A breath for these tough times
Sending out extra wishes of Safety & Sanctuary for everyone in the path of the hard things, what a scary time we are in, inhaling and exhaling, for compassion, strength, courage, swift and steady miracles.
Announcement on Emergency Calming Down Techniques
I’ve been reeling hard lately in some cursed combination of heartache, numbness, political anxiety, winter stuff and some wild panic episodes.
Have been holding on (for dear life) to my Emergency Calm The Hell Down Techniques, and it helps.
I am giving away a copy of these (ebook + audio recordings) to anyone who gives any sum of money to the appreciation funds / discretionary fund in the hopes that we can all keep practicing together, for each other and for the collective, and also for ourselves in these scary times. ❤
A note about today’s essay!
This is a longer essay than usual.
It’s actually a piece from a journal entry…
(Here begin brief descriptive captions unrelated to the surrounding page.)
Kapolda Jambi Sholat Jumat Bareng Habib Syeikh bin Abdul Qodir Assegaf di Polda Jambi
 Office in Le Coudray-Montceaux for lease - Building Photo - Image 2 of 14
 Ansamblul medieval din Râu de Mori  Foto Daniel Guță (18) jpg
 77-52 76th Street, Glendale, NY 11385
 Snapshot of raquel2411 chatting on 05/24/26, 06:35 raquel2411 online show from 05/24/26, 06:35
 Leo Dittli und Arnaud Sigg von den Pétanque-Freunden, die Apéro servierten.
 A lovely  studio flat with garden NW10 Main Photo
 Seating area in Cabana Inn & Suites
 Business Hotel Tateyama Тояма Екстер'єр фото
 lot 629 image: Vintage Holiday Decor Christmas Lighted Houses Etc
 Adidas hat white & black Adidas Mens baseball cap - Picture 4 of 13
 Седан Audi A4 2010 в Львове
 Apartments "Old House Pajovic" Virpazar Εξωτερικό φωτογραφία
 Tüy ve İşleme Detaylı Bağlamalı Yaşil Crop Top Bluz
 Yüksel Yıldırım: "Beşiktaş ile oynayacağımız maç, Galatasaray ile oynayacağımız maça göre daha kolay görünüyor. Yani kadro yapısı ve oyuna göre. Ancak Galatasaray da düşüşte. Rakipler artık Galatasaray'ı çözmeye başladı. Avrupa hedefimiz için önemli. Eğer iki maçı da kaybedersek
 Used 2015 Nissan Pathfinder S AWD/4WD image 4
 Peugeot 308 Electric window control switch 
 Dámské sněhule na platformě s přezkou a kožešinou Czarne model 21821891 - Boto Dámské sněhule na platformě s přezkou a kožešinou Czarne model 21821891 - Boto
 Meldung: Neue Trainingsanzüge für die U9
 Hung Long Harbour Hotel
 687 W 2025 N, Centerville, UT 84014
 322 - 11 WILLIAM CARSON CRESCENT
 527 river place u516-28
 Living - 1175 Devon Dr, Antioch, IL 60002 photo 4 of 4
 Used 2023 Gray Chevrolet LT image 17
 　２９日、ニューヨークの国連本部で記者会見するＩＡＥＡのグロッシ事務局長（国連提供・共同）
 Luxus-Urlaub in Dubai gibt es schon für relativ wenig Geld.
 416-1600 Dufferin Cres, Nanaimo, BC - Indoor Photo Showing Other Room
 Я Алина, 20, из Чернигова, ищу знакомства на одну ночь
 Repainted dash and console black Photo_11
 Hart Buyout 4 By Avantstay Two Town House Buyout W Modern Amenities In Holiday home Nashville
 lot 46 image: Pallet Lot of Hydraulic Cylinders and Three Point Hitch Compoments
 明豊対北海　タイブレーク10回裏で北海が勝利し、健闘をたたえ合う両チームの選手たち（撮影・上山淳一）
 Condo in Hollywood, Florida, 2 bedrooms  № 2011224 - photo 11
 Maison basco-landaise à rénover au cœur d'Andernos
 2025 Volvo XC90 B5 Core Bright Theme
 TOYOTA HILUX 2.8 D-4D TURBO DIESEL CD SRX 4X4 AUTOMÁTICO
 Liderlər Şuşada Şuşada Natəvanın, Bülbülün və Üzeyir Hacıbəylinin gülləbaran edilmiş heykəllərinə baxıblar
I have been thinking about offering a summertime Gathering of Thoughts & Words where I compile my journal entries into maybe a small ebook or a long email, haven’t decided on the form yet…
Anyway, if this is something you would be interested in and reading more pieces like this, let me know in the comments!
Also CONTENT NOTE for brief mention of sexual assault (no mention of details), I am taking some extra breaths of compassion and support for all of us who are surviving day by day.
Okay, let’s do this. All timing right timing, and I am trusting that now is the right time for this piece of writing to come into the world and agree to be seen.
How you exit is how you were in it
The betrayal spot
“Let me guess,” said Bryan, touching my back gently. “Right here. And it hurts like hell to move from sitting to standing or vice versa, and it feels like crying would help but you can’t cry yet.”
“You got it,” I said.
Bryan always gets it.
“Good old L5,” he said, smiling wryly. Then he added: “The betrayal spot.”
I sat with that for a while.
I am still sitting with it. Or really, I am pacing around with it or lightly jogging with it, because it hurts too much to sit for very long.
Rug, former
“You really got the rug pulled out from under you, didn’t you?” Bryan said. “No wonder everything hurts.”
He says I will be feeling this for at least a month, probably, though he hopes it passes sooner. I do too.
I miss that rug, and not just because, in the immortal words of the Big Lebowski, it really tied the room together.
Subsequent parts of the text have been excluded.